Häftlingsnummer 11103
Auch Jehovas Zeugen wurden von den Nazis mit Härte verfolgt. Am Tag des Gedenkens an die Opfer des Holocaust erinnern Jehovas Zeugen an das Schicksal der Gießenerin Auguste Godglück.
Gießen (red). Auch Jehovas Zeugen wurden bereits ab 1933 von den Nationalsozialisten mit unnachsichtiger Härte verfolgt. Von den circa 25 000 Zeugen Jehovas, die 1933 in Deutschland lebten, sei fast jeder Zweite davon betroffen gewesen. »Insgesamt kamen europaweit rund 1800 zu Tode«, berichtet Deborah Schminke von Jehovas Zeugen Gießen. Anlässlich des heutigen Tags des Gedenkens an die Opfer des Holocaust erinnern sie beispielhaft an das Schicksal der Gießenerin Auguste Godglück.

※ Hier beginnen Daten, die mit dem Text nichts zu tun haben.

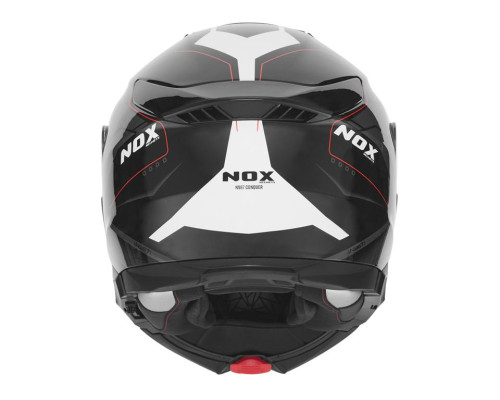 Шолом NOX FLIP-UP з козирком N967 CONQUER, колір червоний/білий/чорний, розмір S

Auguste Marie Margarete Elisabeth kam am 11. Januar 1890 als Kind von August und Margarete Bock in Gießen zur Welt. Am 4. Juli 1925 heiratete die gelernte Schneiderin im Alter von 35 Jahren Albert Godglück. Das Ehepaar bekam zwei Kinder, wohnte zunächst in Gießen und zog 1937 nach Leihgestern. 1940 mieteten sie ein kleines Häuschen in Krofdorf-Gleiberg.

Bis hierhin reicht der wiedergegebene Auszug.